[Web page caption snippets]
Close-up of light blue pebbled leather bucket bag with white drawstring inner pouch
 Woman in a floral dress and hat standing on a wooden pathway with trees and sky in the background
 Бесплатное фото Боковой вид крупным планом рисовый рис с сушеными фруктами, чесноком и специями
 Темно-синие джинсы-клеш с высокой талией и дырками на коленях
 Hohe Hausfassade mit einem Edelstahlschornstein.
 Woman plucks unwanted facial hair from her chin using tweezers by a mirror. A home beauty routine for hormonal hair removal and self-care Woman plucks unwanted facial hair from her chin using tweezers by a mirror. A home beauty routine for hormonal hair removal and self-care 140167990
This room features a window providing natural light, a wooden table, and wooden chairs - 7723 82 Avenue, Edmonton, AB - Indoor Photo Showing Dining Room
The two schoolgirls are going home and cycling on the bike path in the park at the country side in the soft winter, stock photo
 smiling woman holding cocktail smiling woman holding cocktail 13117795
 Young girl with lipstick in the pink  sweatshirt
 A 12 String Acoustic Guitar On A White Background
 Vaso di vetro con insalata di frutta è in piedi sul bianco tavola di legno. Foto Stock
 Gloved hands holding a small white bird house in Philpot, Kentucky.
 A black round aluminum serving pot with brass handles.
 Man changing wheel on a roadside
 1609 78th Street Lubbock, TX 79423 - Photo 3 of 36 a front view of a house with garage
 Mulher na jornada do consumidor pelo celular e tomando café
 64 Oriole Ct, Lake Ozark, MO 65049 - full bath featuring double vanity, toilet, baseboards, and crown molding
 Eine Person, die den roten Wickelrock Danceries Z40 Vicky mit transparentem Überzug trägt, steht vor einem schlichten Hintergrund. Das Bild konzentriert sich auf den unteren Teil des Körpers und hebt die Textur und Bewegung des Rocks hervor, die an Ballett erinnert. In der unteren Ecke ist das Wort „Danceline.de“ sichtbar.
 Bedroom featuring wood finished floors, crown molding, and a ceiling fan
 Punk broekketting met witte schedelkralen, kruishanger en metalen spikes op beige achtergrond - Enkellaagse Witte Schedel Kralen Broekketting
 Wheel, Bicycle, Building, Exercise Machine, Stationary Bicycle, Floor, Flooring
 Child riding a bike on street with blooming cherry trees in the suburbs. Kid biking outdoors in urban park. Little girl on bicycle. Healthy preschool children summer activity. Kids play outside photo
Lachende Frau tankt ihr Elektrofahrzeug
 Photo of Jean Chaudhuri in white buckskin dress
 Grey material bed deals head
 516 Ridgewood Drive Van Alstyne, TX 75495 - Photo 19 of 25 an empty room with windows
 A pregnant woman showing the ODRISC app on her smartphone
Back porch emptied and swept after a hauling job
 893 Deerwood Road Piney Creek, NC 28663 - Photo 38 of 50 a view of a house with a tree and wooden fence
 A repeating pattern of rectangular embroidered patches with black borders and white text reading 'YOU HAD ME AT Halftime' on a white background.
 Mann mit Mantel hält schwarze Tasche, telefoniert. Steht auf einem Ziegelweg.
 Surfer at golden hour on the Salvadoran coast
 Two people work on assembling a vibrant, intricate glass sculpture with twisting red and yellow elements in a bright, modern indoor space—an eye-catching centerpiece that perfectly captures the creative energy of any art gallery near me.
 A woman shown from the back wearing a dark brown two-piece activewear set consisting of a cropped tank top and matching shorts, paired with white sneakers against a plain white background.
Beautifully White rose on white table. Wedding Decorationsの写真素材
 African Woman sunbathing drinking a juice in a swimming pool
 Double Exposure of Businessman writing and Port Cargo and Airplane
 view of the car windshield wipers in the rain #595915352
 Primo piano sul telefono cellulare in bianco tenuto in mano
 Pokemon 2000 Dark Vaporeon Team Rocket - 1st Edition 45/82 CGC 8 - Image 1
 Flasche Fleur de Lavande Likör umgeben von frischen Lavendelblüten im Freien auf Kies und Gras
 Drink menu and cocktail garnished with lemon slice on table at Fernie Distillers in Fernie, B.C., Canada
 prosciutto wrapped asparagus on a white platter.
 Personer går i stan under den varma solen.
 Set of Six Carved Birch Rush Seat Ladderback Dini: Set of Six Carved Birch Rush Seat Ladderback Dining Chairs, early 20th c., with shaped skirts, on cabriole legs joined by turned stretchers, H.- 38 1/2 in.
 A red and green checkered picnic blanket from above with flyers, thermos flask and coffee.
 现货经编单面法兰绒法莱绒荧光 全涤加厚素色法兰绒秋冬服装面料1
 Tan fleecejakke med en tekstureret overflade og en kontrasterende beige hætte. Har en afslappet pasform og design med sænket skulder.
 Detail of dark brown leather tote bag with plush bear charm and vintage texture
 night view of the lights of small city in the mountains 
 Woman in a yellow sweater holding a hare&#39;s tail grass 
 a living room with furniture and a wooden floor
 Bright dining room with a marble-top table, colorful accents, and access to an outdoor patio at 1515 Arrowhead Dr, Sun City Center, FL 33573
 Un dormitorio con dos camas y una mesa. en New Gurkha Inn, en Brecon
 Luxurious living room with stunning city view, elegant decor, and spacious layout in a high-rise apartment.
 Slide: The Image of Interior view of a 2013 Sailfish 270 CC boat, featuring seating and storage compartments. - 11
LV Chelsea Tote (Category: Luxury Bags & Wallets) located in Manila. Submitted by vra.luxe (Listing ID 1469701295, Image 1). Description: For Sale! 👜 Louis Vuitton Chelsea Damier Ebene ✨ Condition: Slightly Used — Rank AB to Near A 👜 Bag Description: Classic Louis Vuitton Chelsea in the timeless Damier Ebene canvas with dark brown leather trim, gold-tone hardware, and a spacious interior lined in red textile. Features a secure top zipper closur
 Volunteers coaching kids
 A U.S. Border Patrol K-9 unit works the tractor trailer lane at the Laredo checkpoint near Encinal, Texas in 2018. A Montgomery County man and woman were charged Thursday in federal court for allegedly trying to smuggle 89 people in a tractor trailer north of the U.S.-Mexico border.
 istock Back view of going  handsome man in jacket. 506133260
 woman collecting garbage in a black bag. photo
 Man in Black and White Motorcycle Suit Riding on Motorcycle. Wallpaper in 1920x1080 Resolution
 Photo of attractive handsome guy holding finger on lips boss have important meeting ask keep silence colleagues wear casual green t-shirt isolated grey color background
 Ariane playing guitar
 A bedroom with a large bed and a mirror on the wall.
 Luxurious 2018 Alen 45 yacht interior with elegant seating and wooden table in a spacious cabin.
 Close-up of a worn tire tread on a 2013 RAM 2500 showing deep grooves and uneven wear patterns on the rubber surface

• **TASK DESCRIPTION**
Repeat the entries above exactly, beginning at their first line and ending with the line that contains "Woman in a floral", with nothing added.

• **RESPONSE TO THE TASK**
Close-up of light blue pebbled leather bucket bag with white drawstring inner pouch
 Woman in a floral dress and hat standing on a wooden pathway with trees and sky in the background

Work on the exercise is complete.